The public is invited, and admission is free. 
 
This is the third cycle of sonatas the team has presented. Earlier ones surveyed the works of Brahms and Beethoven. This program will consist of four works dating from various points in the composer's career and exhibits the varieties of expressions, moods, and drama that Mozart was able to create within this form. A fourth and final installment is scheduled for September 2023 at Simon's Rock.
 
According to a press release
 
Ronald Gorevic has had a long and distinguished career as a teacher and performer on both the violin and viola. As a violinist, Mr.Gorevic has given many recitals to critical acclaim, throughout the U.S. and Europe, including such major cities as London, New York, Cleveland, Chicago, and Atlanta. As a violist, he has been a member of several well-known string quartets, spanning over twenty years and covering most of the quartet repertoire. He has performed the Beethoven cycle twice and has toured throughout the U.S., Germany, Japan, Korea, and Australia.
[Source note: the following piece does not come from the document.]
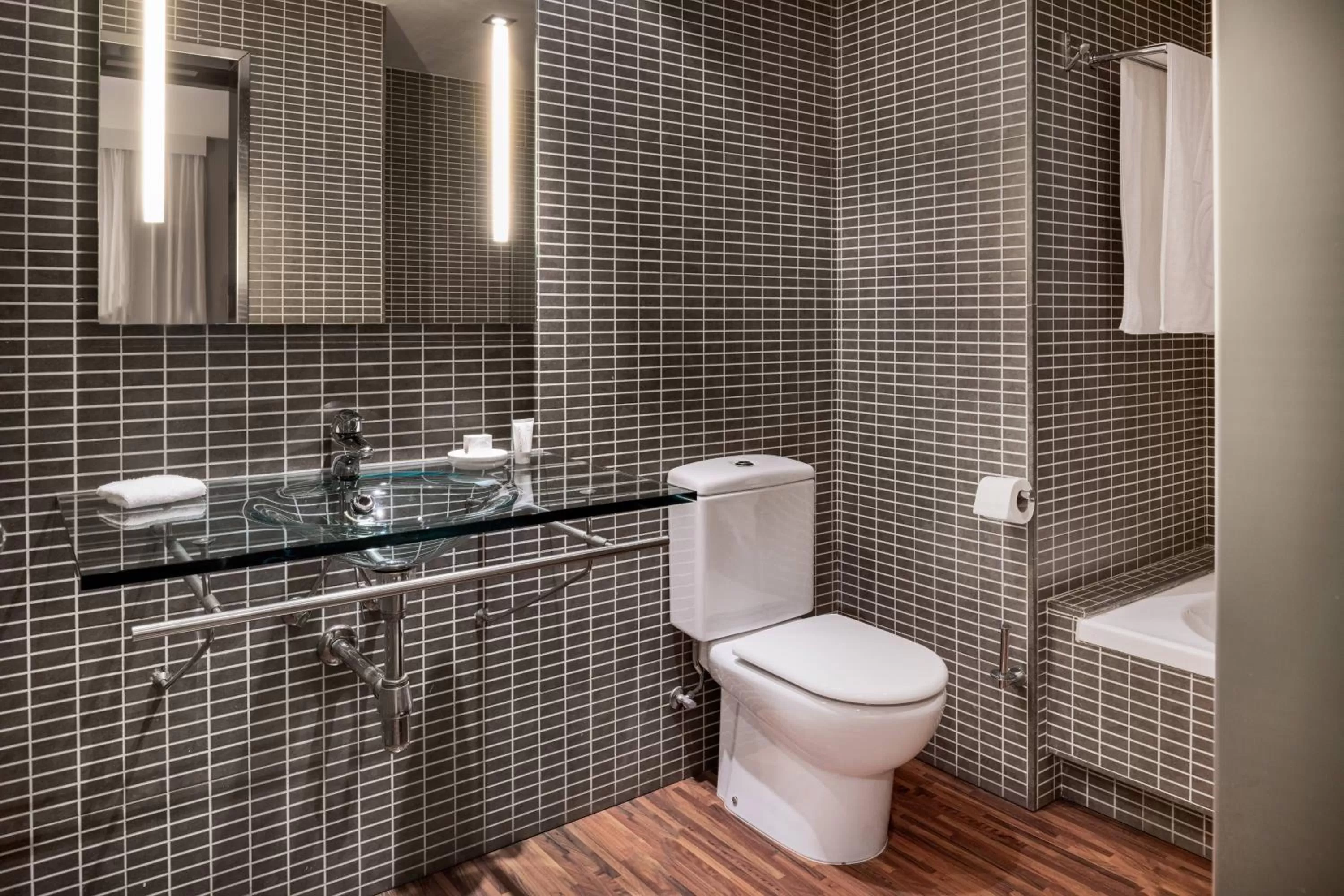 Bathroom in AC Hotel Palacio Universal by Marriott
Mr.Gorevic was a founding member of the Prometheus Piano quartet in 1995. He has been heard on radio stations across the U.S. and has also been broadcast on S. German and S.W. German radio and on the Australian Broadcast network. For a number of years now, Mr.Gorevic has been actively teaching and performing on both the violin and viola, utilizing his great experience to successfully transition between the two instruments.
 
Larry Wallach has taught music at Simon's Rock for five decades. 
 
He is a performer, composer, musicologist, and educator whose interests span the history of Western music up to the present day, with particular focus on baroque and modern repertories. He has published articles about Charles Ives and Johannes Brahms, and as pianist, performed all the Ives violin sonatas. 
 
He is a founding board member of the Berkshire Bach Society. Dr. Wallach is active as a keyboard player on harpsichord, organ, and piano, collaborating with Ronald Gorevic, Paul Green, the Avanti Wind Quintet, John Cheek, Daniel Stepner, Stephen Hammer, Lucy Bardo, Paul Green, Susanna Ogata, Allan Dean, Ronald Barron, the Berkshire Bach Society chorus, Crescendo, and Anne and Eva Legêne. He has organized and performed in a concert for the Bard Retrospective Festival for Charles Ives in 1996, for the Housatonic River Festival Concert in 2004, for the Boston Early Music Festival in 2009, and for a program of music for four harpsichords that was performed in Norfolk CT, Great Barrington, MA, Albany NY, and Hunter NY in 2009 and 2010. He started writing music reviews for the Columbia College newspaper, resumed in 2009 for the Berkshire Review of the Arts, and is currently a music critic for "The Berkshire Edge."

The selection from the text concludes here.